Even if it's 80 degrees colder.
Brett Favre, who had little trouble in last week's divisional-round win over Seattle played amid snowflakes the size of golf balls, is 43-5 when the temperature in Green Bay is 34 or lower. He will make his 275th consecutive start Sunday in conditions suited for, well, staying inside. The NFL's career leader in most passing categories would take 34 -- or even 24 -- degrees for the final step to the Super Bowl.
And, no, Favre is not a big fan of icicles hanging from face masks.
"First of all, I don't know if I have ever gotten used to it," said the Mississippi native who last took the Pack to the Super Bowl 10 years ago. "It is for three hours during the week. We practice indoors -- not a whole lot different than anyone else. Yeah, you live in it. I'm not out making snowmen."
Packers coach Mike McCarthy recalled how poorly his team played on Dec. 23 in a 35-7 loss at Chicago, a game that even Favre admitted he was cold throughout. So McCarthy used some frozen balls at practice this week to help simulate likely conditions Sunday.
"Is that what was going on?" veteran wide receiver Donald Driver said with a laugh. "Basically, they never told us that the balls were coming out of the freezer, we just kind just felt it as we caught it: 'Wow, the balls are cold.' We thought most likely the balls had been outside all day, but they were in the freezer.
"Mostly, I think it's for concentration because when it's warm weather you basically don't have to concentrate too much on the ball. If you've got good hands, you're going to catch. But I don't care how good your hands is, in cold weather you have to focus on the ball and make sure you catch it before you run with it.
"You know you can't control the conditions, you can't control the weather, so you've just got to go out there and play regardless of the situation. So I think we've just been successful in it because we live here and we play and we wake up in the morning every day in it. But you still have to go out there and play."
The Giants (12-6) will show up and play, and likely play well considering they've won nine straight road games, including two in the playoffs. Both of those, of course, were in Tampa and Dallas, where anything below freezing is cause for panic.

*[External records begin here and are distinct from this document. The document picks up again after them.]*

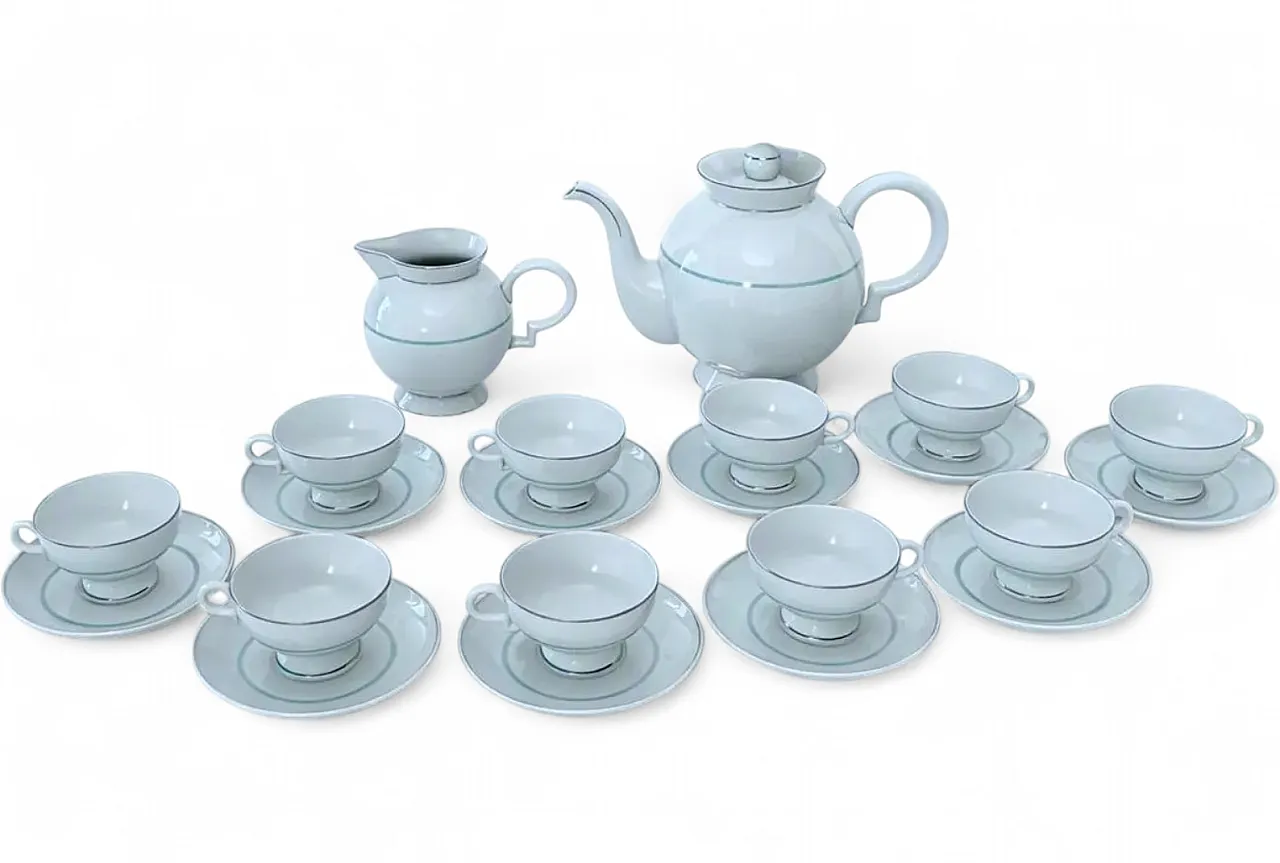 Servizio di tè e caffè in porcellana di Gio Ponti, anni '30 16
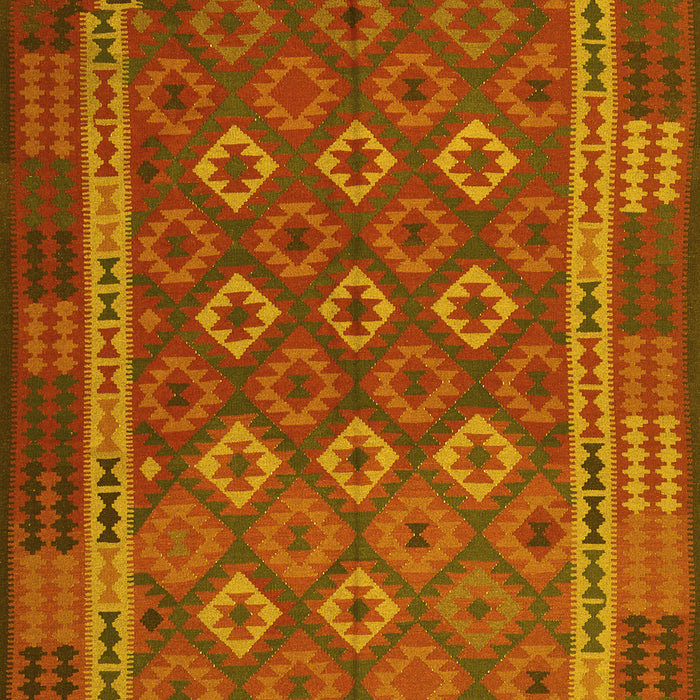 Oriental Yellow Traditional Rug, con2251yw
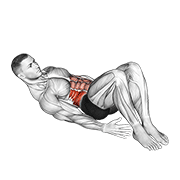 Alternate Heel Touchers exercise animation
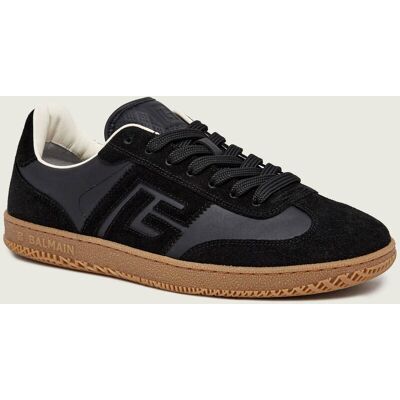 Balmain Sneakersy SWAN zamsz czarny 40 Balmain Sneakersy SWAN zamsz czarny 40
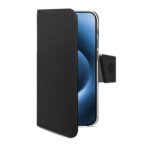 Custodia Smartphone Celly Wally per iPhone 16 Pro in Similpelle Nero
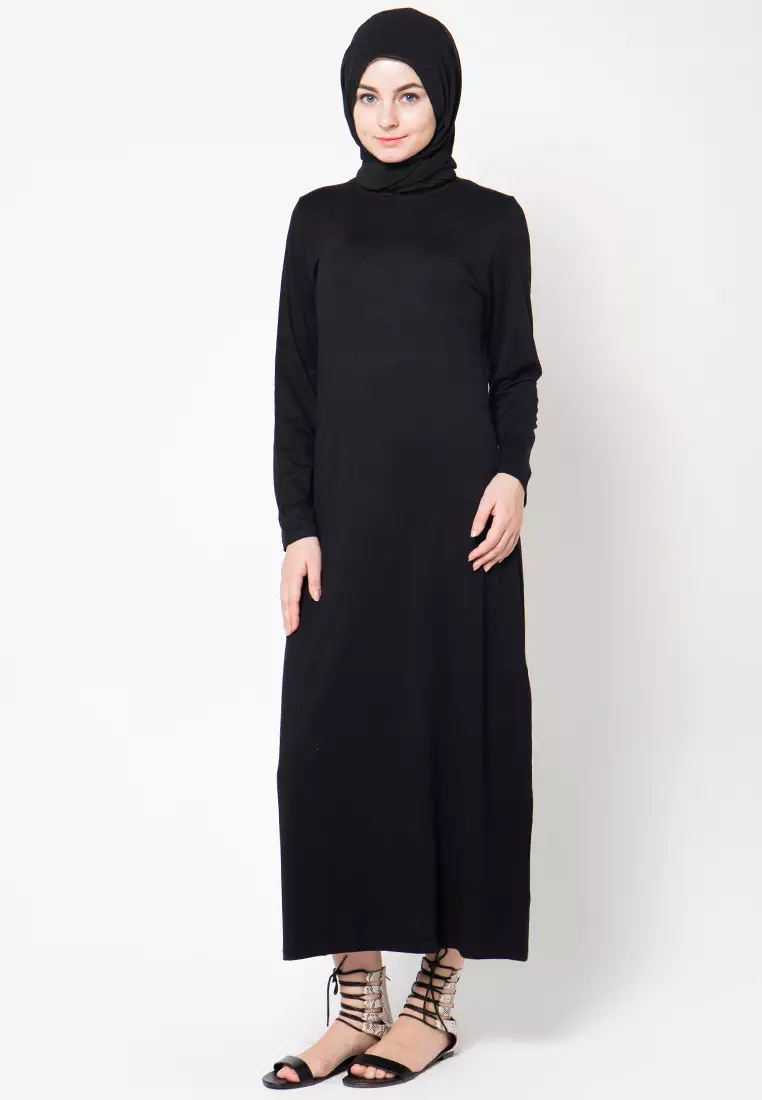 JV Hasanah Manset Gamis Black | Inner Manset Gamis Rayon Adem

Star defensive end Michael Strahan promises there won't be panic even if it is the coldest day any of the Giants have encountered.
"This is going to be a game of will, a game of whoever wants it the most," Strahan said. "That is what the playoffs are all about, so this is going to be a very interesting battle. Us, a team that has a strong will and plays well on the road, and that team that has a strong will and plays well at home."
The Packers (14-3) are 8-1 at home. None of those games was played in anything close to the bitter cold they will face Sunday, not even last weekend's snowfest.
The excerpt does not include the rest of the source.